Leave the pictures out, and print everything else in the records exactly.

━━━ Excerpted data

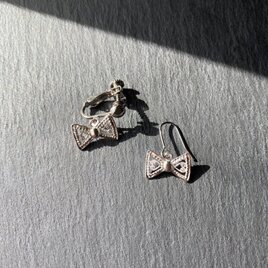 【銀線細工】Ribbon(S)ピアスorイヤリング/SV925の画像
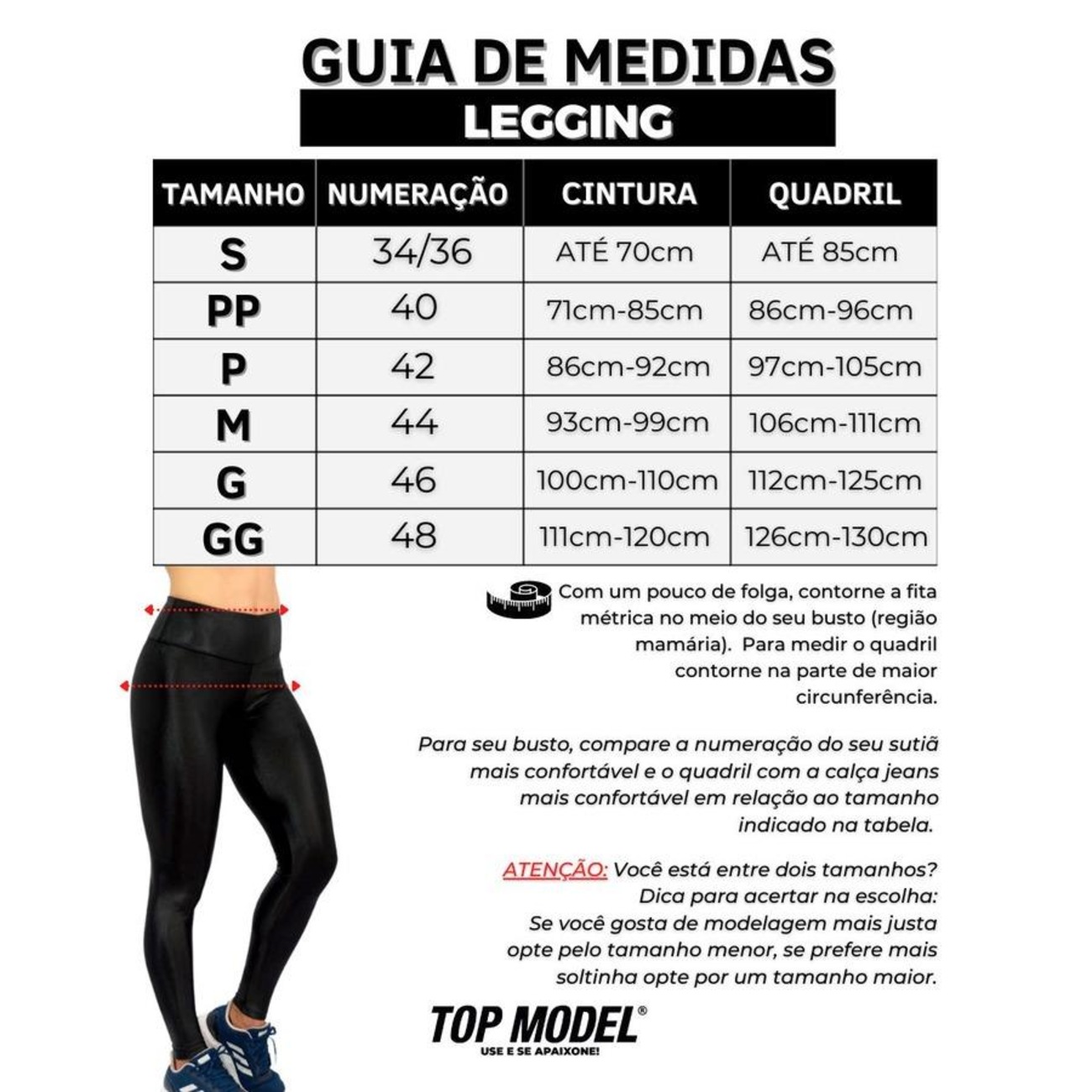 Calça Legging Cirrê Top Model Cós Alto Kamila - Feminina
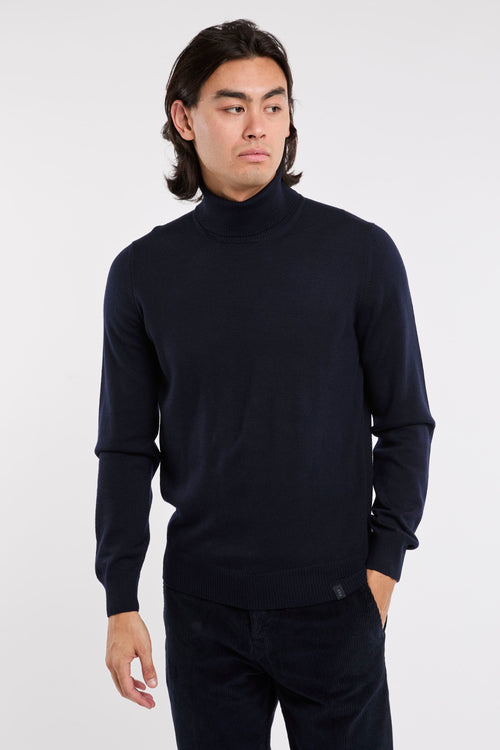 Fay Blue Wool Turtleneck Sweater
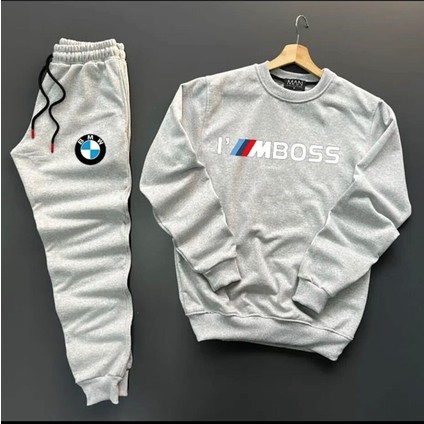 Yeni Sezon I'm Boss Baskılı Pamuklu Sıfır Yaka Sweat-Pamuklu Kışlık Eşofman Altı 2'li Takım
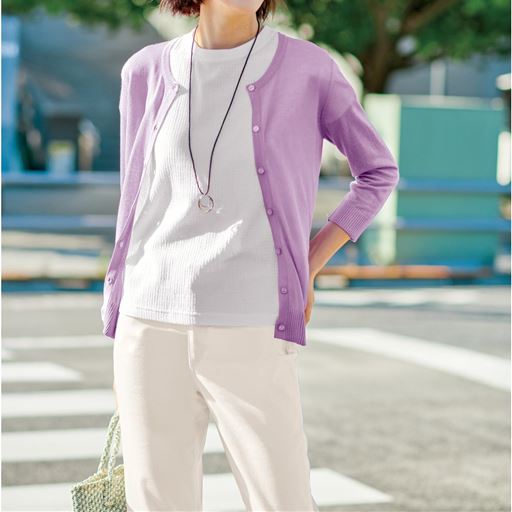 クルーネックニットカーディガン(S～4L・7分袖)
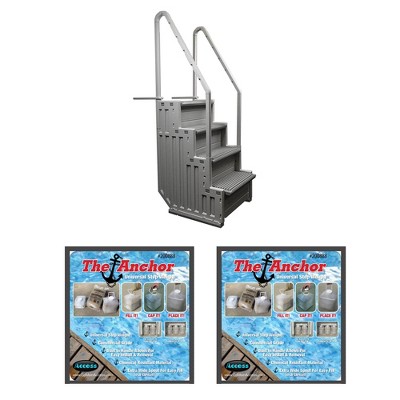 NEW CONFER STEP-1 Above Ground Pool Ladder Step System Entry with 2 Sand Weights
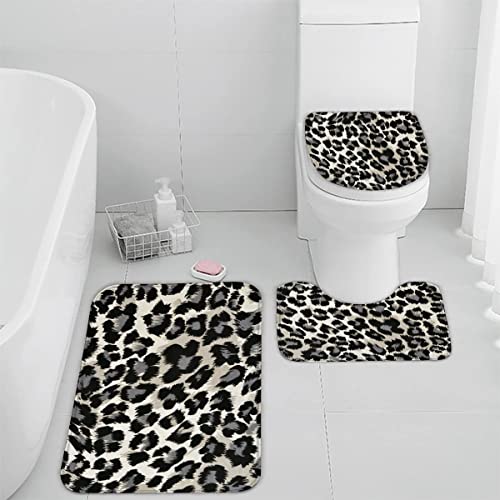 Badezimmer Badematte 3 Teilig Set Leopardenmuster rutschfest Badteppiche Saugfähig Memory Foam Badezimmermatte Weich WC…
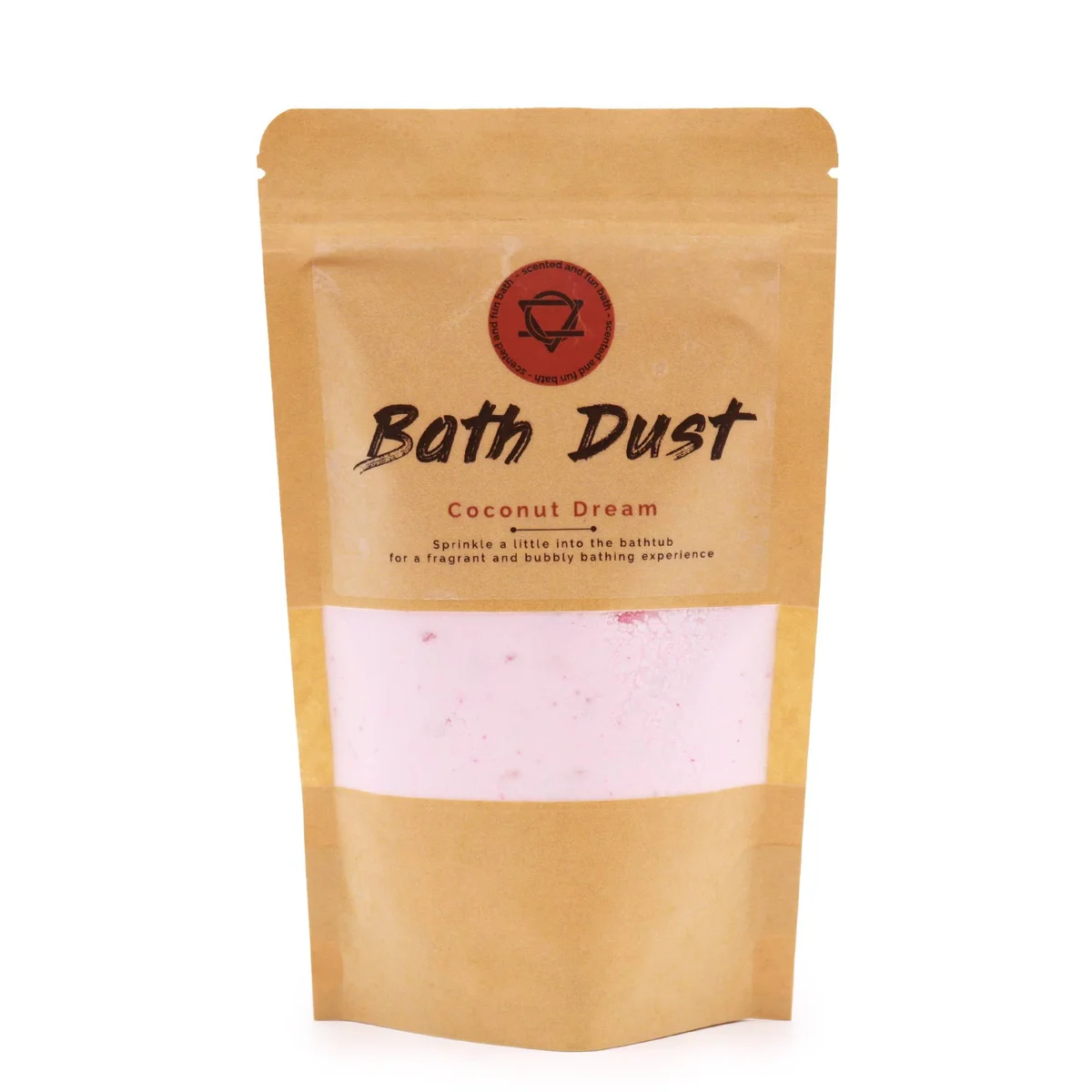 190g jar of Coconut Dream coconut bath dust with white and beige packaging on a plain background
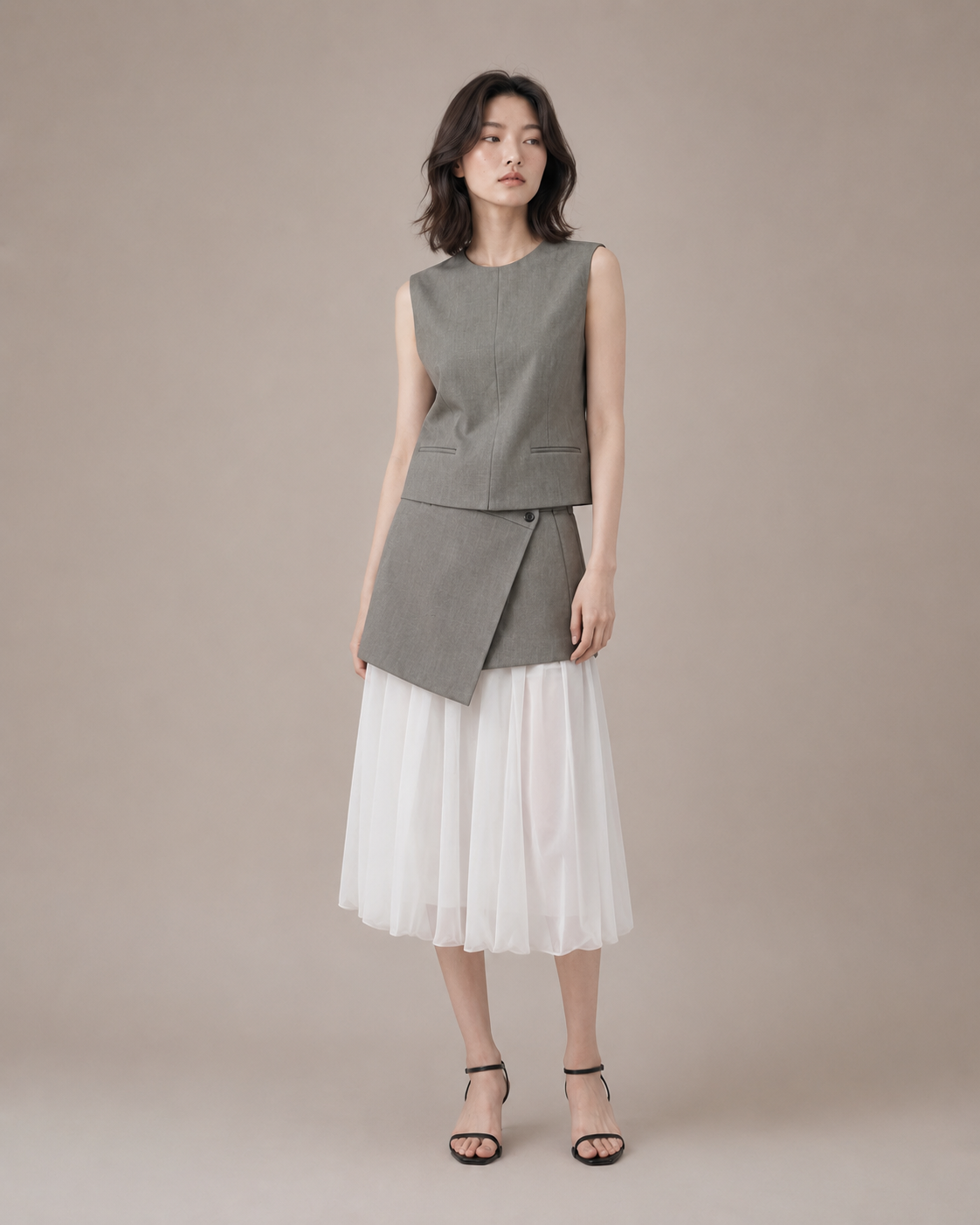 KARMA女士霧灰疊影剪裁套裝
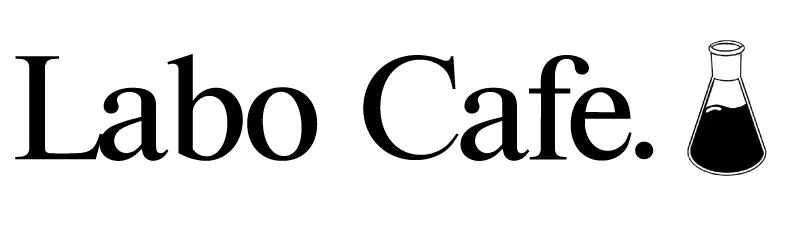 「Labo Cafe.」というテキストと、液体が入った三角フラスコのイラストが描かれたロゴ画像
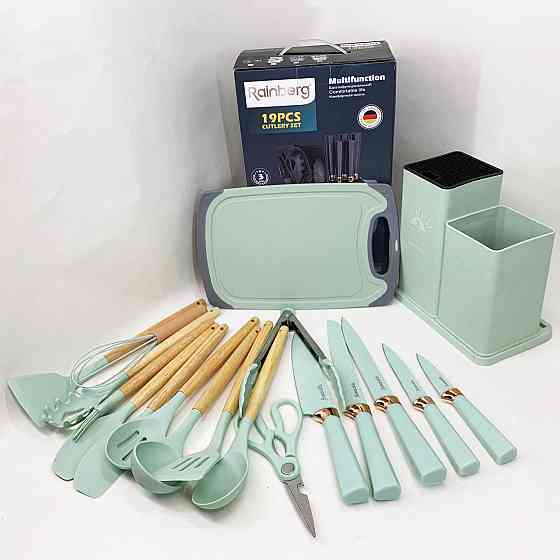 Силіконові аксесуари для кухні, Набір силіконових приладдя на підставці, Кухонний комплект з силікону VE-18 Львів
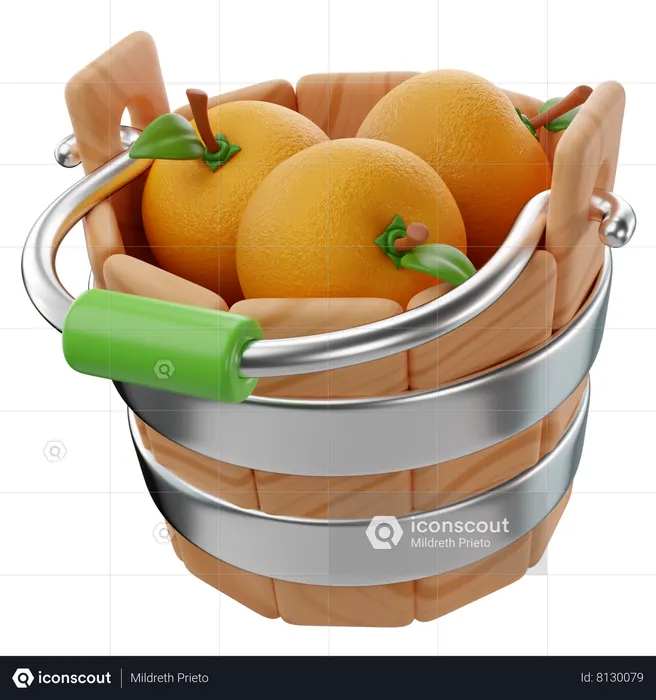 Orange Bucket  3D Icon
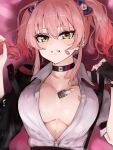  1girl absurdres black_choker breasts choker clenched_teeth collarbone collared_shirt cosmetics fingernails highres idolmaster idolmaster_cinderella_girls jougasaki_mika lamp_p9 large_breasts lipstick_mark lipstick_tube long_fingernails looking_at_viewer lying nail_polish on_back open_clothes open_shirt pink_hair red_nails shirt smile solo teeth twintails white_shirt yellow_eyes 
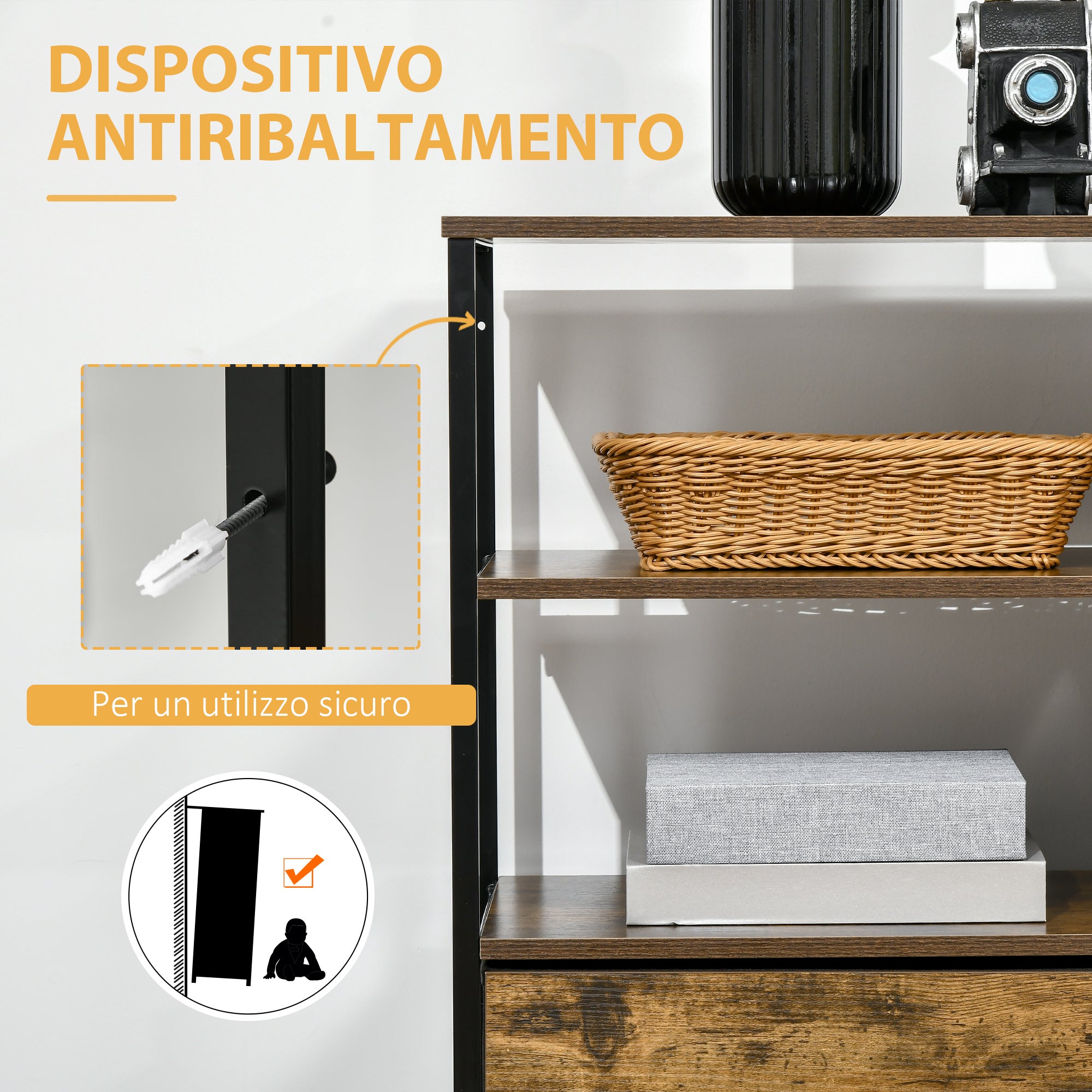 EASYCOMFORT  Cassettiera in Stile Industriale con 4 Cassetti in Tessuto Pieghevole e 2 Ripiani Aperti, 84x30x71.5 cm, Marrone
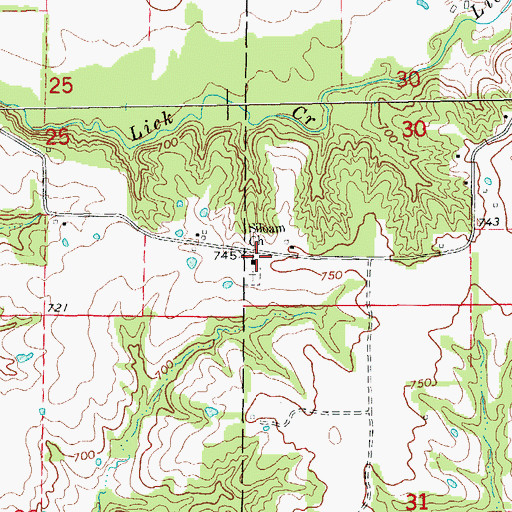 Topographic Map of Siloam Church, MO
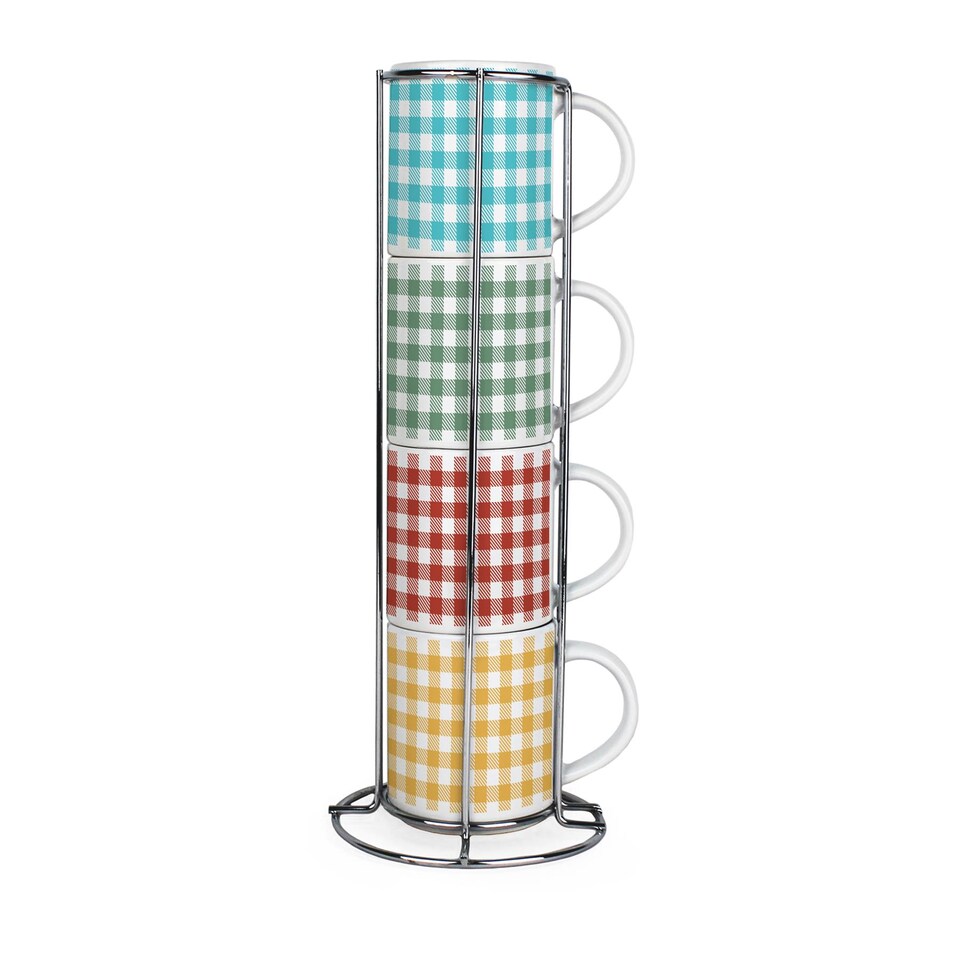 image 1 of Gingham Check Stacking Mugs Set - Colourful Set of 4 Ceramic Mugs Gift Set with Metal Stand | White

━━━━━━

Reply to the task:
 【銀線細工】Ribbon(S)ピアスorイヤリング/SV925の画像
 Calça Legging Cirrê Top Model Cós Alto Kamila - Feminina
 Fay Blue Wool Turtleneck Sweater
 Yeni Sezon I'm Boss Baskılı Pamuklu Sıfır Yaka Sweat-Pamuklu Kışlık Eşofman Altı 2'li Takım
 クルーネックニットカーディガン(S～4L・7分袖)
 NEW CONFER STEP-1 Above Ground Pool Ladder Step System Entry with 2 Sand Weights
 Badezimmer Badematte 3 Teilig Set Leopardenmuster rutschfest Badteppiche Saugfähig Memory Foam Badezimmermatte Weich WC…
 190g jar of Coconut Dream coconut bath dust with white and beige packaging on a plain background
 KARMA女士霧灰疊影剪裁套裝
 「Labo Cafe.」というテキストと、液体が入った三角フラスコのイラストが描かれたロゴ画像
 Силіконові аксесуари для кухні, Набір силіконових приладдя на підставці, Кухонний комплект з силікону VE-18 Львів
 Orange Bucket  3D Icon
  1girl absurdres black_choker breasts choker clenched_teeth collarbone collared_shirt cosmetics fingernails highres idolmaster idolmaster_cinderella_girls jougasaki_mika lamp_p9 large_breasts lipstick_mark lipstick_tube long_fingernails looking_at_viewer lying nail_polish on_back open_clothes open_shirt pink_hair red_nails shirt smile solo teeth twintails white_shirt yellow_eyes 
 EASYCOMFORT  Cassettiera in Stile Industriale con 4 Cassetti in Tessuto Pieghevole e 2 Ripiani Aperti, 84x30x71.5 cm, Marrone
 Topographic Map of Siloam Church, MO
 image 1 of Gingham Check Stacking Mugs Set - Colourful Set of 4 Ceramic Mugs Gift Set with Metal Stand | White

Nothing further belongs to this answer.